There were 617 households, out of which 38.2% had children under the age of 18 living with them, 60.3% were married couples living together, 9.2% had a female householder with no husband present, and 26.4% were non-families. 23.0% of all households were made up of individuals, and 14.1% had someone living alone who was 65 years of age or older. The average household size was 2.85 and the average family size was 3.41.

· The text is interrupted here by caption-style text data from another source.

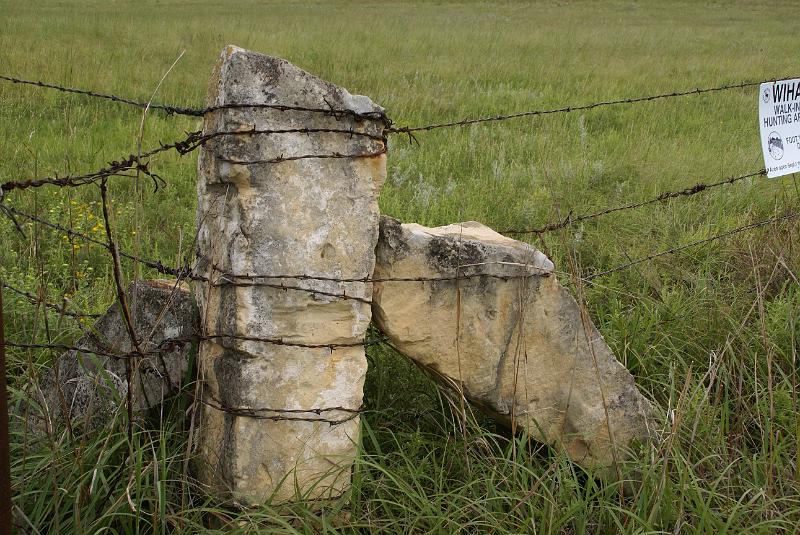 DSC04535.JPG - Rock Fence Posts - KA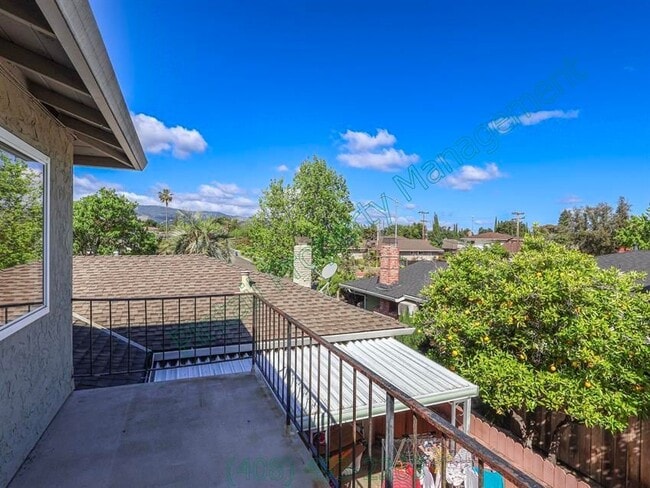 Building Photo - 978 Westlynn Way Unit 3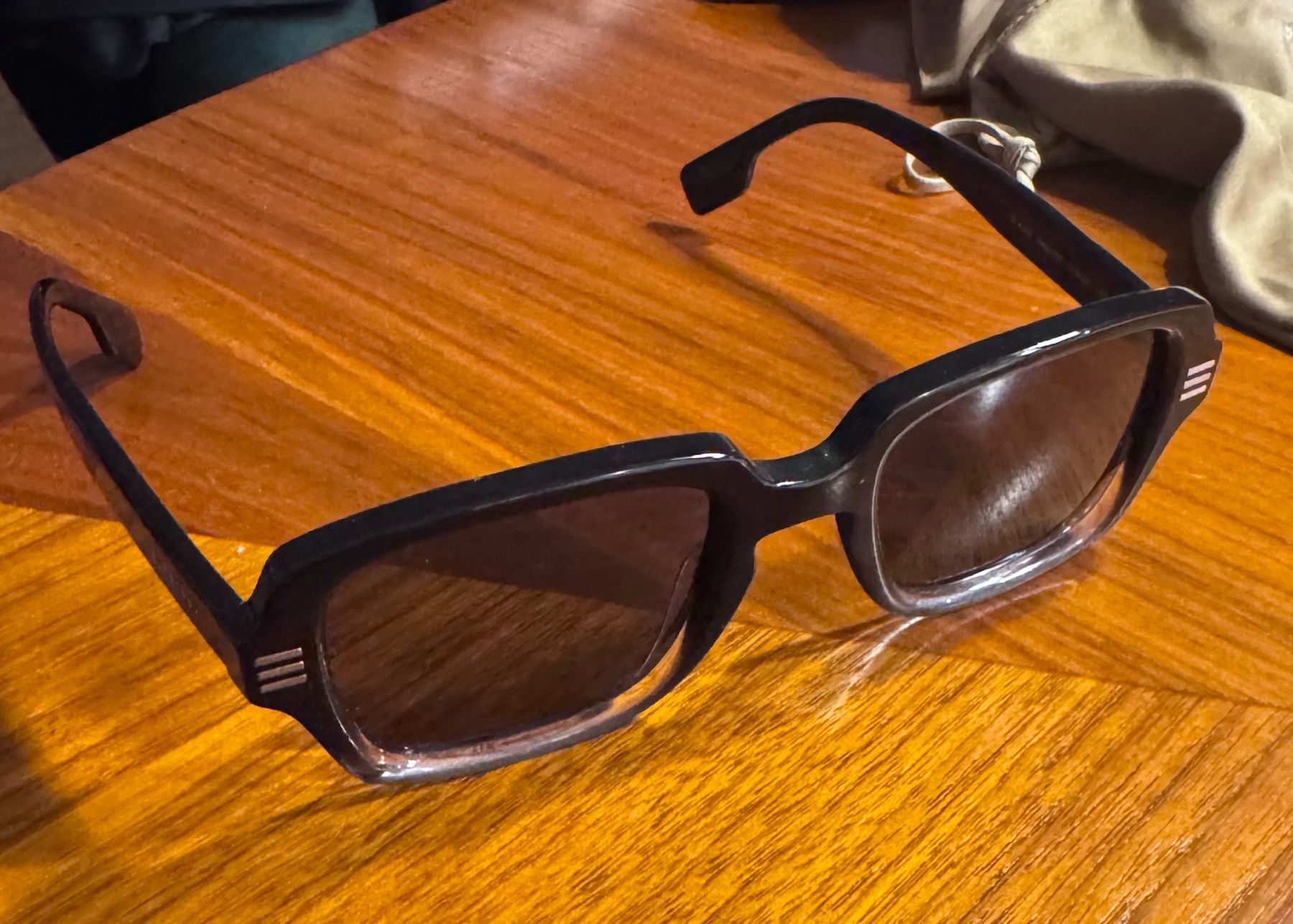 Burberry Brillen & Gläser: Burberry Eldon BE4349 – Neu (gemäss Beschreibung) aus Zürich von futbolstar 5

In the city, the population was spread out, with 31.4% under the age of 18, 7.8% from 18 to 24, 26.9% from 25 to 44, 19.1% from 45 to 64, and 14.9% who were 65 years of age or older. The median age was 33 years. For every 100 females, there were 97.9 males. For every 100 females age 18 and over, there were 94.7 males.

The median income for a household in the city was $31,964, and the median income for a family was $36,336. Males had a median income of $26,167 versus $18,636 for females. The per capita income for the city was $11,861. About 11.7% of families and 15.0% of the population were below the poverty line, including 13.9% of those under age 18 and 28.9% of those age 65 or over.
==Education==
It is in the Parma School District 137.

Residents of Canyon County are in the area (and the taxation zone) for College of Western Idaho.

==Notable people==
- Edgar Rice Burroughs, creator of Tarzan and John Carter of Mars. Served as a city councilman for Parma.
- Jimmy Johnston, American football player, born in Parma
- Jerry Kramer, American football player; elected to the Pro Football Hall of Fame in 2018
- Jordan Kramer, American football player, born in Parma.
- C. Ben Ross, first native-born governor of Idaho, served as governor from 1931 until 1937; born in Parma.